The weekly confession was a must when each of the many confession boxes had
full pews waiting outside. A luxury of St Peter’s was that it had so many
priests and, since you always had the same old sins, you could go to a
different priest each week.
·
You could get Mass at almost any time of the
morning with sometimes two or more Masses running in tandem from the many
side altars.
·
There is a lovely photograph in this beautifully
illustrated book of a church full of very pious boys attending the monthly
meeting of St Patrick’s Temperance Sodality. This is of very fond memory to
me. Once a month, on a Friday evening and again on the following Sunday
morning we gathered in our appointed seat. We were divided into guilds
designated by a large banner, 3 rows of seats to a guild, with an older boy
or an adult acting as prefect who dutifully ticked off our names in the
attendance books.
·
The most enjoyable aspect of the sodality was the
annual excursion after Christmas to the Boh or Bohemian Cinema for our free
film.
Many parishioners have
shared memories such as these with Anne Marie and they are faithfully
recorded in this delightful book. But time moves on and St Peter’s also
moved on and adapted with changing circumstances
·
St Peters became even more central to the
Phibsboro community in 1974, a couple of years before I left home, when it
became a parish church. We had always treated the church and its priests as
if it had always been our parish so it made very little difference on the
ground except to consolidate the relationship between the priests and the
local community and opened the church to also look after sick calls, births,
marriages and funerals.
·
St Peters also engaged in and still is very active
in various outreach programmes
·
Anne Marie charts the development of St Peter’s as
a parish church and fondly remembers its parish priests, from Fr Fagan, the
first parish priest, down to the present day.
·
Anne Marie tells us that from its earliest days in
the 19th century, St Peter’s was important to and active in the
lives of the people of Phibsboro.
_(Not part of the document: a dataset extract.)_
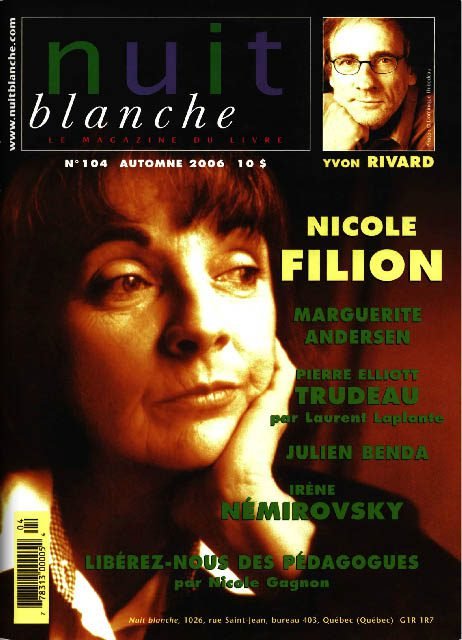 Couverture numéro 104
In this book you will find the history of
these difficult times when this district was an impoverished backwater in
Dublin. Once the Vincentians moved in, the endemic local problems of
poverty, moral and spiritual neglect and lack of education were tackled with
vigour.
·
In time, with the support of the local people, one
of the finest churches in Dublin and a much-needed primary school were
built.
·
There is something special about St Peter’s and
you feel when you come in that it is a very alive place. As Anne Marie
points out, there are always some people about, and candles burn away on the
side altars or one can always hear the comforting sound of the trickling
water coming from the Memorial Garden Shrine.
·
And there is more to the building itself than its
wonderful Gothic interior. There are the exquisite stained glass windows
including some by Harry Clarke, and the priests here are to be commended for
commissioning new stained glass windows and icons by contemporary artists.
St Peter’s has remained
relevant to the contemporary society of Phibsboro and has more than answered
the modern challenges of changing times. The Care of Souls
helps us to better understand where we have come from and helps us to
confidently chart the journey that lies ahead.
Finally, may I
congratulate the author of this book, Anne Marie Walsh, Fr Brian Moore whose
idea it was to publish the book, the designer Jim Walsh who happens to be
Anne Marie’s brother, and all the priests and parishioners who contributed
in one way or the other.
I highly recommend this
book as a great read of the history and contribution of St Peter’s and I
urge all parishioners to buy a copy for their homes and indeed to buy an
extra copy of two to send as very acceptable presents to former parishioners
or children who have fled the parish nest, so to speak.